Another eight years of attributable losses followed as more bad debts, restructuring charges and regulatory fines took their toll. But 2018 looks like being the year the losses end.

The news isn’t as good as it looks. Most analysts, and the bank itself, were expecting a multibillion-dollar fine in the US before the end of 2017 but no settlement was reached. That penalty will have to be paid, and it could be big enough to send RBS back to a loss in 2018.

Oddly, most City brokers haven’t updated their forecasts so the average estimate is for a fine of about £2bn and a loss of £592m, even though the year ended with no fine.

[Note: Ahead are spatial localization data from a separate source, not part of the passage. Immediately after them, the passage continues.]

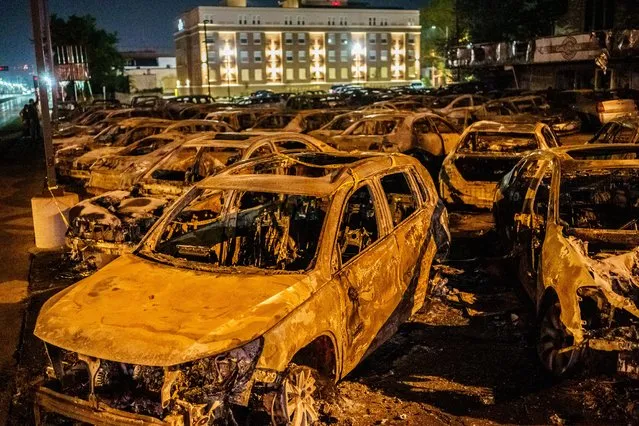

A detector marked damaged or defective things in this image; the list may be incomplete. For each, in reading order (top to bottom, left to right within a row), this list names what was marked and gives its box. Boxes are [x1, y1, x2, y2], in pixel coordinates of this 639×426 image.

burned car [66, 131, 336, 262]
charred vehicle [66, 133, 336, 262]
charred vehicle [33, 151, 450, 424]
destroyed suv [33, 151, 450, 424]
burned car [35, 151, 450, 424]
charred vehicle [248, 110, 348, 133]
charred vehicle [308, 111, 368, 143]
charred vehicle [330, 111, 460, 175]
burned car [330, 111, 460, 175]
burned car [442, 120, 556, 209]
charred vehicle [442, 121, 556, 210]
charred vehicle [476, 97, 584, 136]
charred vehicle [496, 146, 639, 376]
destroyed suv [496, 146, 639, 376]
burned car [498, 146, 639, 376]
charred vehicle [592, 117, 639, 146]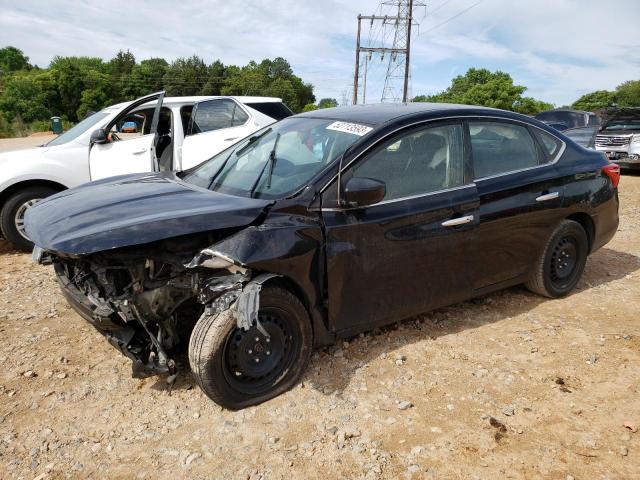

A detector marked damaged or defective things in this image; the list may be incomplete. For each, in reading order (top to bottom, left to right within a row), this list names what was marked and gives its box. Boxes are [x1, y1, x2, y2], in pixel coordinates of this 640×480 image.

exposed front wheel [0, 186, 59, 251]
crumpled hood [25, 172, 272, 255]
front bumper damage [36, 244, 278, 382]
damaged engine bay [40, 234, 276, 384]
broken headlight area [47, 242, 272, 384]
exposed front wheel [188, 284, 312, 408]
damaged black car [25, 104, 620, 408]
exposed front wheel [528, 220, 588, 296]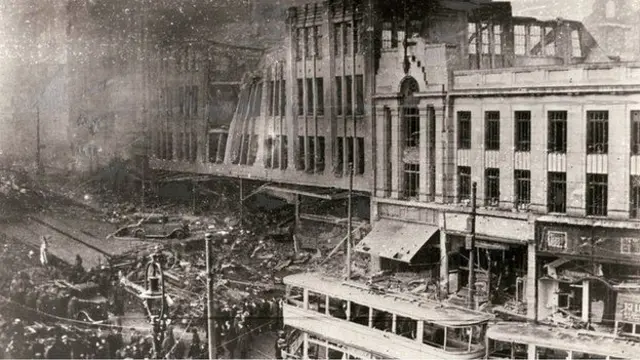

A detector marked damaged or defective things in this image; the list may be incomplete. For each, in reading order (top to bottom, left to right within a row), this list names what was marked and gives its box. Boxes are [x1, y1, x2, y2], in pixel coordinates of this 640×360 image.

damaged shopfront [536, 215, 640, 330]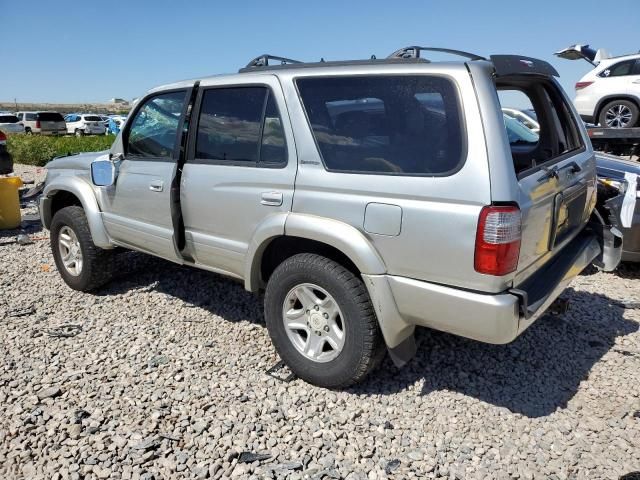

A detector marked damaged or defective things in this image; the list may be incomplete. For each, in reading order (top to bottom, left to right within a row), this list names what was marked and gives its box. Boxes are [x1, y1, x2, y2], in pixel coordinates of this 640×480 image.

wrecked vehicle [38, 47, 620, 386]
damaged rear bumper [364, 225, 620, 368]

RBS’s day-to-day business looks to be ticking along quite smoothly after Ross McEwan, the chief executive, spent four years taking it back to its UK commercial banking roots. But this success will be overshadowed by further questions about RBS’s global restructuring group (GRG), which is accused of driving small business customers to the wall between 2008 and 2013.

RBS has been involved in a long tussle with the Financial Conduct Authority (FCA) and MPs on the Treasury committee over publication of a report into the GRG. The FCA has released several partial versions, each more damning for RBS than the last. Leaked excerpts have shown staff in GRG were told to let businesses “hang themselves”. Now the full report has been leaked and the Treasury committee is considering publishing it next week – just in time for results day.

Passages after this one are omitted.